Increasing number of cores and wide adoption of in-memory applications demand high capacity main memory. Technology scaling of DRAM cells has enabled higher capacity memory for the last few decades. Unfortunately, DRAM cells become vulnerable to failure as they scale down to smaller size. Enabling higher capacity memory systems without sacrificing the reliability is a major research challenge. My work focuses on designing a scalable memory system by rethinking the traditional assumptions in abstraction and separation of responsibilities in two interfaces: (i) circuits and architecture, and (ii) architecture and operating systems.
Traditionally, circuit-level optimizations have ensured reliable DRAM operation. In my work, I enable DRAM scaling without the need for strict reliability guarantees from the manufacturers. I envision manufacturers shipping DRAMs without fully ensuring correct operation, and the system being responsible for detecting and mitigating DRAM failures while operating in the field. However, designing such a system is difficult due to intermittent DRAM failures. In this talk, I will present the challenges of building such a system, show the effectiveness of system-level detection and mitigation techniques, and design an intelligent system capable of providing reliability guarantees even in the presence of intermittent failures.

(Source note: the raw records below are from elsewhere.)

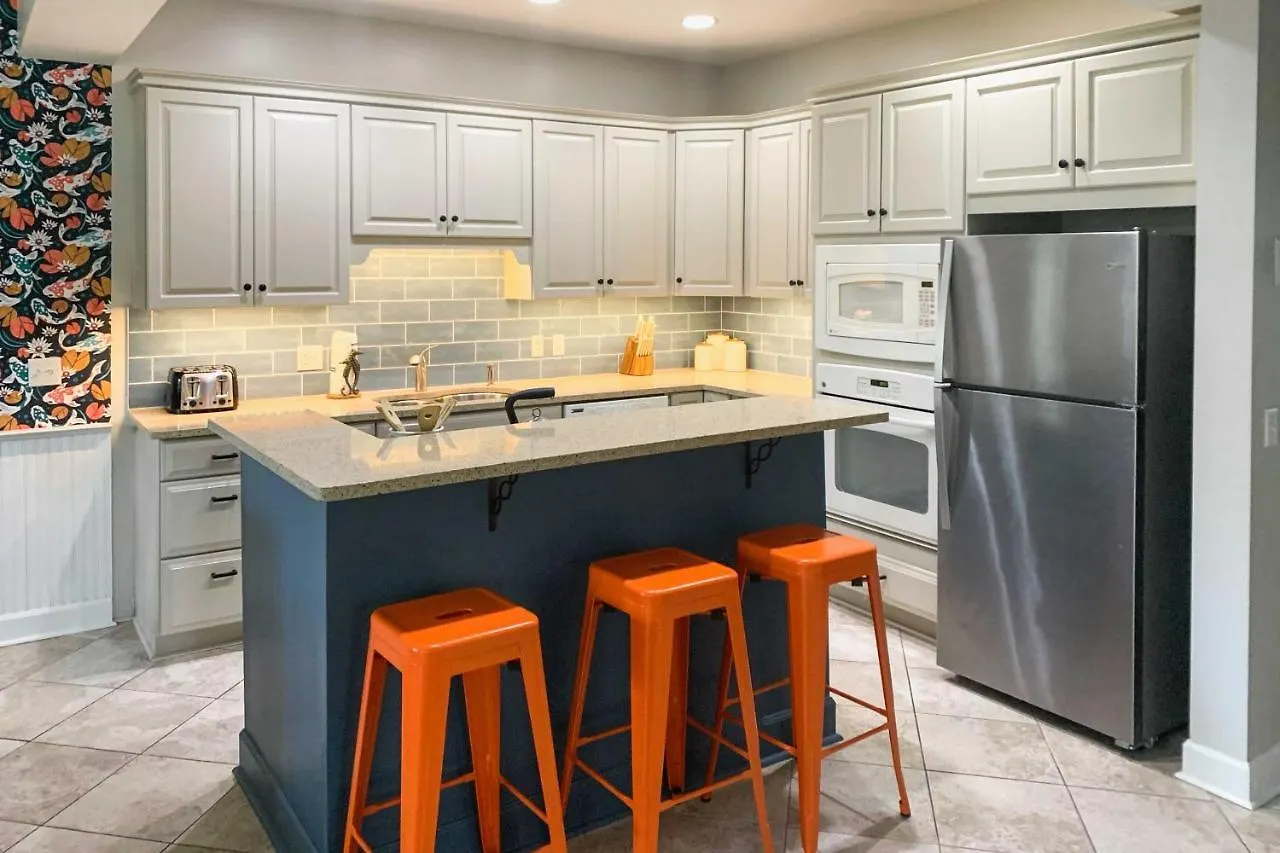 Coastal Hilton Head Retreat With Pool Access! Holiday home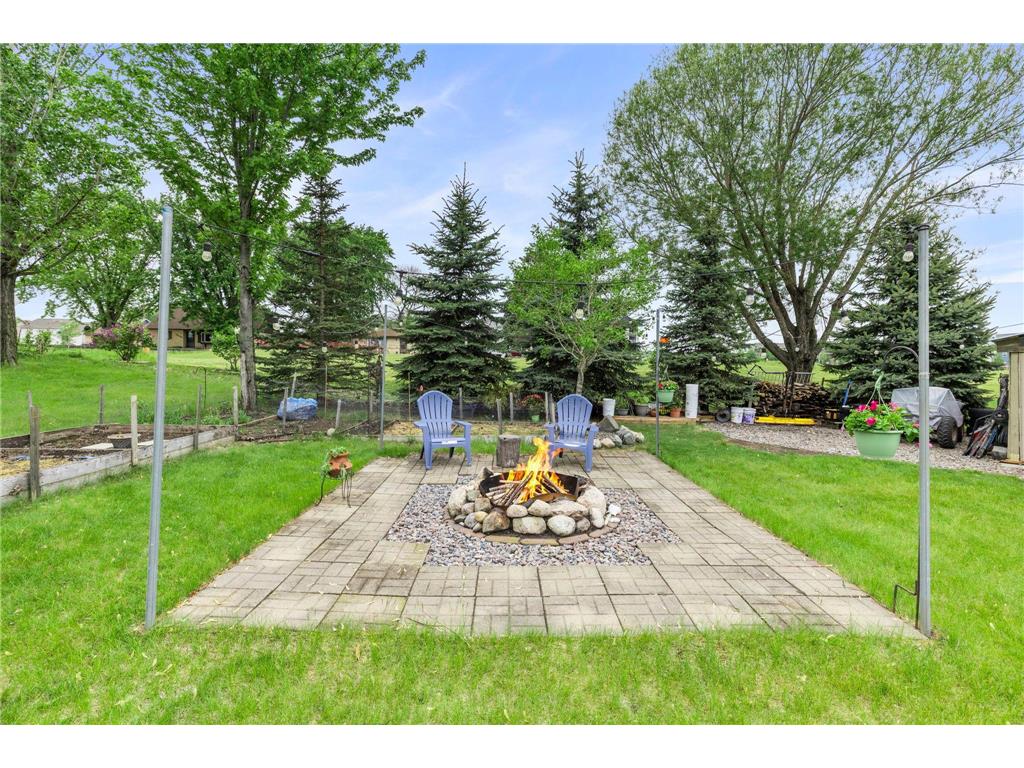 1177 Danube Avenue Shakopee MN 55379 7076074 image53
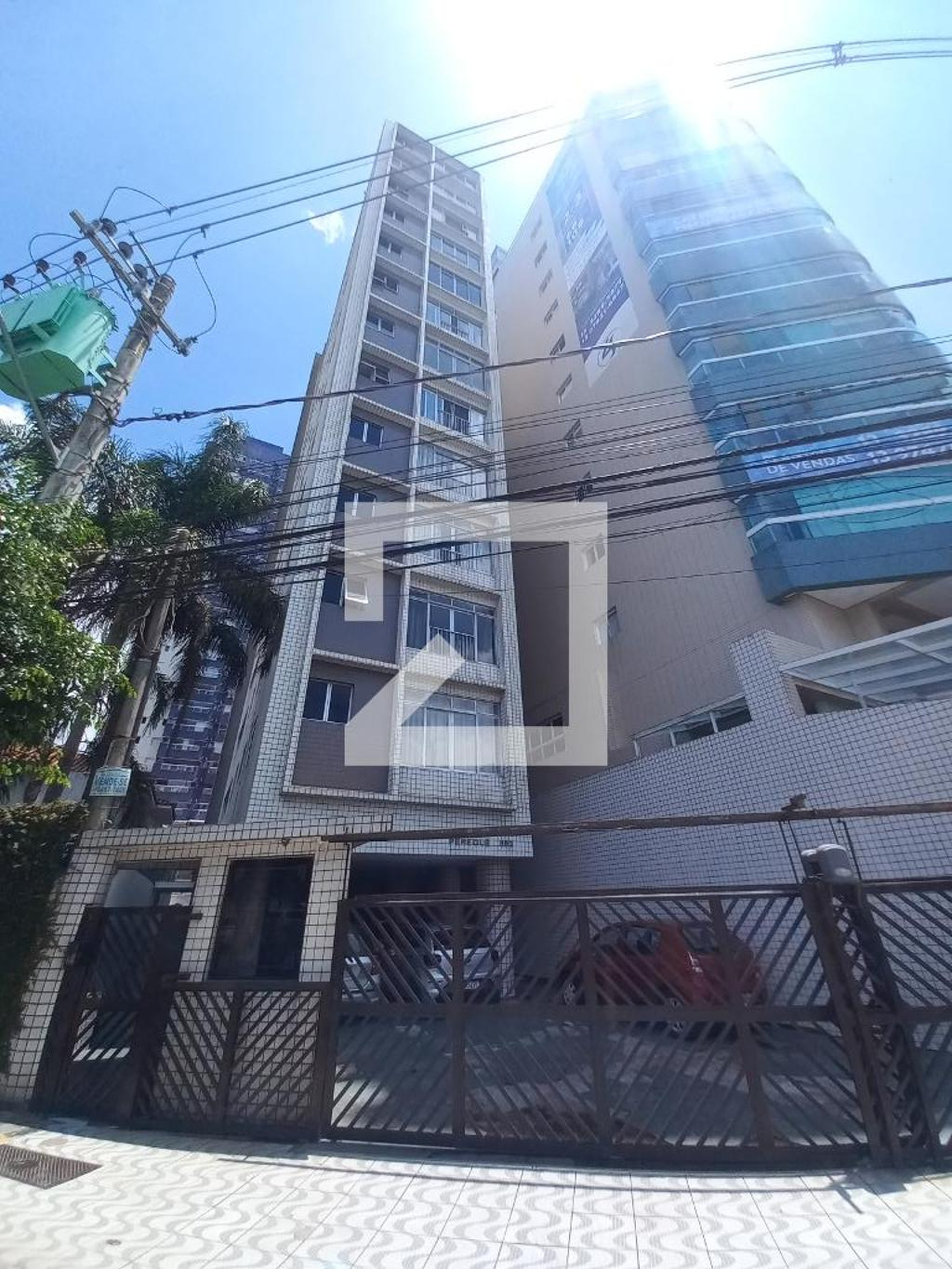 Fachada do Prédio Condomínio Pereque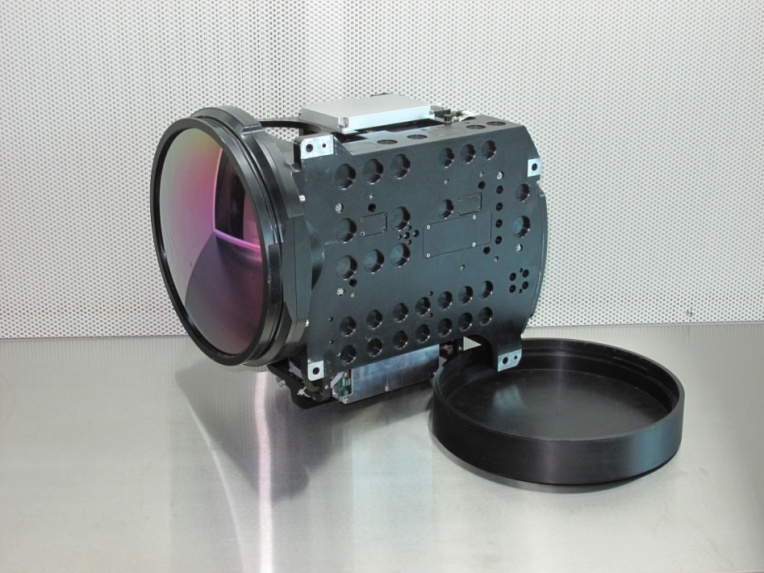 SmartSensor6's tweet image. MWIR 1280x1024 12μm cooled #ThermalImager infrared system
The thermal imager works in the mid-wave infrared band, and can search, observe and aim all kinds of targets.
Learn more:usmartsensor.com/portfolio/item…
Email:sales@usmartsensor.com
#NightVison #infraredsystem #thermalcamera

Leveraging the new highly scalable non-volatile memory technologies is an alternate way to enable high capacity memory. At the end of the talk, I will briefly present my recent work on rethinking the conventional memory and storage hierarchy to take advantage of the non-volatility of these technologies. I will present my vision to redefine the hardware and operating system interface to unify memory and storage system under a single address space and discuss the opportunities and challenges of such a system.